Specifying the spatial filter
A spatial filter specification has two parts - the CRS, and the geometry. Specifying the CRS that the spatial filter is specified in is necessary since the spatial filter applies to the entire repository, which could contain a variety of datasets using a variety of CRSs. There are two ways to specify a spatial filter, either inline or by creating a file that contains the specification
Inline specification
The inline specification for a spatial filter consists of the name of the CRS, followed by a semicolon, followed by a valid Polygon or Multipolygon encoded using WKT or hex-encoded WKB. It will look something like one or other of the following:
EPSG:4326;POLYGON((...))
(WKT)EPSG:4269;01030000...
(hex-encoded WKB)
File containing the specification
The file should contain either the name of the CRS or the entire CRS definition in WKT, followed by a blank line, followed by a valid Polygon or Multipolygon encoded using WKT or hex-encoded WKB. For example:
EPSG:4326
POLYGON((...))
To reference a spatial filter file on your filesystem, use an @ symbol followed by the path to the file. This syntax can be used instead of the inline specification anywhere that a spatial filter specification is expected.
Current limitations
Spatial filtering may not save much bandwidth or disk space in repositories where each individual feature takes very little room on disk. See Appendix
Repeatedly changing the spatial filter is not guaranteed to be more efficient than not using spatial filters at all. See Appendix
If the repository you are cloning from has not been spatially indexed, all features must be downloaded before the filter can be applied. See Indexing
The spatial filter cannot be set to a geometry that can’t be transformed into the CRS for every dataset in the repository.

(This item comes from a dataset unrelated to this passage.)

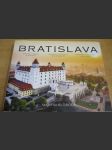 Bratislava. Portrét mesta a krajiny - náhled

Currently indexing isn’t very clever with respect to certain CRS changes. If the CRS for a dataset has been drastically changed at some point, then the index generated for that dataset, although accurate, can be very inefficient, resulting in inefficient clones. (If the CRS is changed but the new CRS is similar to the old one in that the features are all in approximately the same place regardless of which CRS is used to interpret them, then an efficient index will still be generated). #538
Spatial filtered cloning is currently only supported on the server-side on the MacOS and Linux versions of Kart. It is currently not supported when the server is running Windows. #539
Effects of setting the spatial filter
During clone / fetch
Spatial filtering during a kart clone
is only performed if the
spatial filter is supplied up front as part of the clone command. The
spatial filter can be changed any time after the clone operation is
complete, but at this point the entire repository will already have been
cloned and it will be too late to save on download time and bandwidth.
Note that none of the cloned data is deleted when changing the spatial
filter anytime after cloning. To put this another way:
During a clone, a spatial filter can be supplied. Only features that match this original spatial filter are fetched. The spatial filter applied during fetching remains the same from this point onwards.

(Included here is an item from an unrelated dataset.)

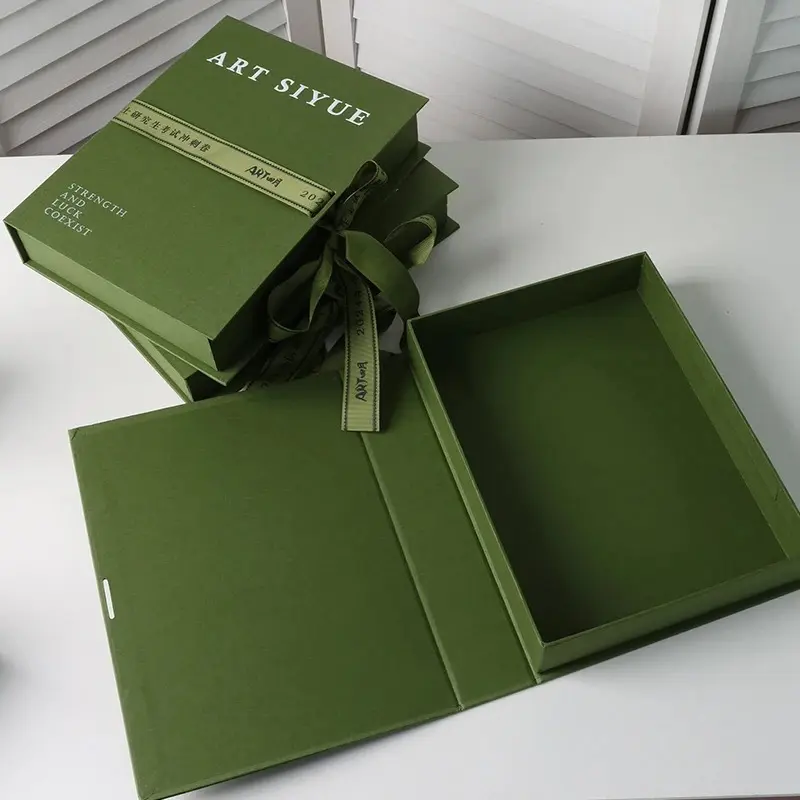 New Wholesale Packaging Box Suppliers 3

Kart commands only output the features that match the current spatial filter, which can be changed at any time.
The working copy is only populated with features that match the current spatial filter, which can be changed at any time.
As a result, a current limitation is that the spatial filter can be changed at any time, but only to a subset of the filter that was used during the clone. If you need to grow the spatial filter beyond what was originally cloned, the workaround currently is to start again with a fresh clone.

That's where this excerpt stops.